If the thought of being crammed in this tiny boxcar of a bar makes you nervous, relax. The patio practically doubles the capacity of the place, and it’s the perfect spot to throw back one of its margaritas, made with fresh lemon and lime juice, top-shelf liquors and powdered sugar, and poured with a heavy hand.
The menu at Three Dots and a Dash—and its bar-within-a-bar concept, the Bamboo Room—features exquisite tiki cocktails crafted with fresh pressed juices and house-made syrups. The arsenal of garnishes is next level, with tropical flowers, colorful bendy straws and fresh herbs and citrus. First-timers should start with the namesake cocktail, an agreeable blend of rums, allspice, falernum, orange and lime. After a few drinks, flag down your waiter and ask for the king crab rangoons, which are packed with cream cheese and hunks of tender crab meat.
Star bartender Julia Momose presides over this beautiful West Loop cocktail den that's steeped in Japanese heritage. Her menu flows from light and bright to dark and stirred, allowing guests to sip rare liquors and fun ingredients like elderflower syrup, orange-saffron bitters and cashew orgeat. Expect to pay a premium—$16–$21 per cocktail—for some of the best booze you've ever tried.
Ten years from now, when this strip of Armitage is populated with coffee shops and vintage clothing stores, this old-school, soul record–playing, classic cocktail–mixing bar will be overrun with hipsters vying for their turn in the photo booth. Start hanging out here now so you can say you knew it in the good, old days.
It feels weird to call Vol. 39 a hotel bar, but that's exactly what it is—and all other hotels should take note. Located inside the Kimpton Gray, this sophisticated cocktail lounge is decorated like a library with handsome leather furniture and volumes and volumes of books neatly lining shelves that section off the room. It should come as no surprise, then, that there are eight different old fashioneds on the menu—like one made with mezcal, agave, hibiscus and lime.

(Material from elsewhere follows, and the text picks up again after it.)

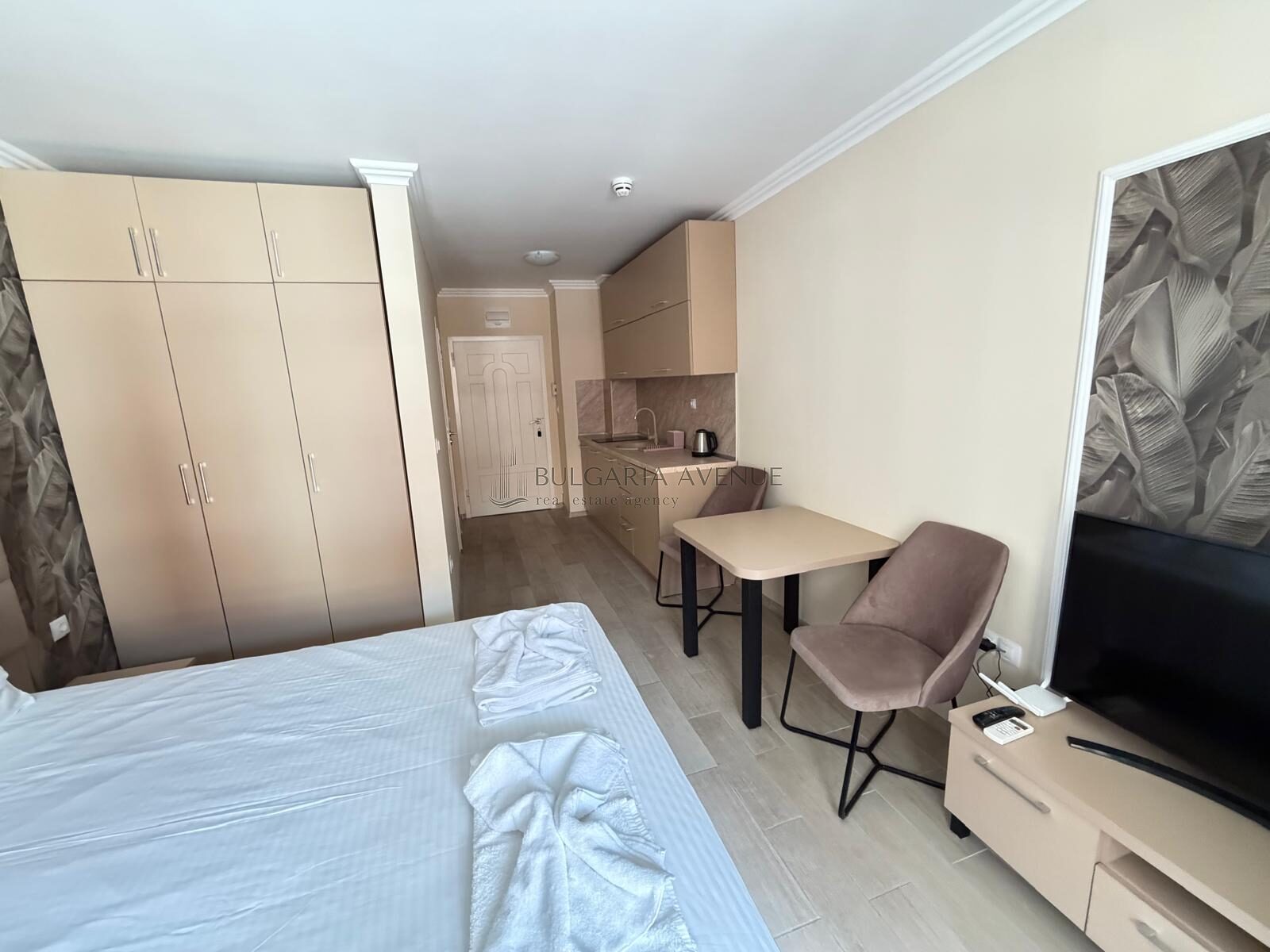 Меблированная студия на первой линии в Valencia Gardens Несебр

From the outside, this place looks like a gallery (which, technically, it partially is). On the inside, it’s open and loft-like, with a permanent stage set up for weekly live music and performance. But behind the bar, the drink-slingers have perfected the art of the cocktail, skillfully crafting colorful refreshments that pack a punch. One sip and there’s no doubt that despite everything else going on here, the drinks are the reason to stick around.

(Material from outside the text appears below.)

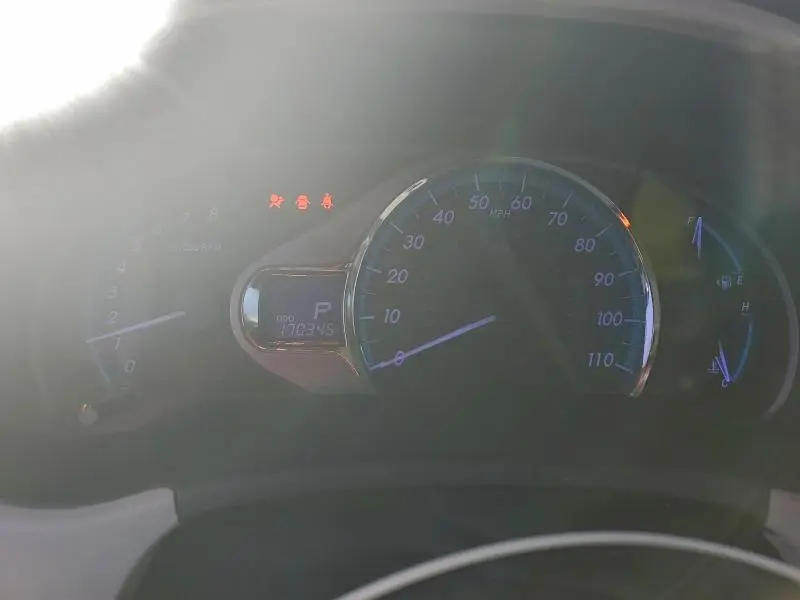 2011 TOYOTA SIENNA XLE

Back in 2015, brothers Chris and Calvin Marty bought the old Marble Bar and reopened it as Best Intentions. The dive bar charm remains, though the bar is a touch sleeker and the drinks are much better. When the weather agrees, the backyard patio is the perfect place to lounge and sip an ice-cold Wondermint malted shake (mint liqueur, gin and Luxardo hazelnut). Inside, the dimly lit bar serves excellent classic cocktails in an unassuming setting; we're big fans of the gimlet and lesser-known Bobby Burns. But perhaps what we admire most about Best Intentions is its ability to nail the neo-dive vibe without feeling forced.
If classic cocktails and ’90s hip-hop are your jam, Moneygun might just be your dream bar. The small, dark space features all the originals—from mojitos and mai tais to sidecars and sazeracs. Every drink involves a perfected recipe and quality, often house-made ingredients. Balance out the booze with bar upgraded snacks like loaded waffle fries, English pea croquettes and a chocolate chip cookie.
Located below Dusek’s Board & Beer, this dark, ’70s-themed bar is decorated with a fish tank, wood paneling and a huge fish on the wall. Think of it as an upgraded, boozy version of your grandparents' basement. Like its name suggests, punch is the main draw here—and you can order most cocktails by the glass, carafe or bowl. Whether you go big or small, you'll experience the genius and precision happening behind the bar at Punch House. If you're looking for a good place to start, order Space Juice for Jered, a blend of tequila, grapefruit, lime, Luxardo bitters, black pepper, sparkling wine and sage. After a few glasses, you'll be ready to head upstairs to piano bar Tack Room.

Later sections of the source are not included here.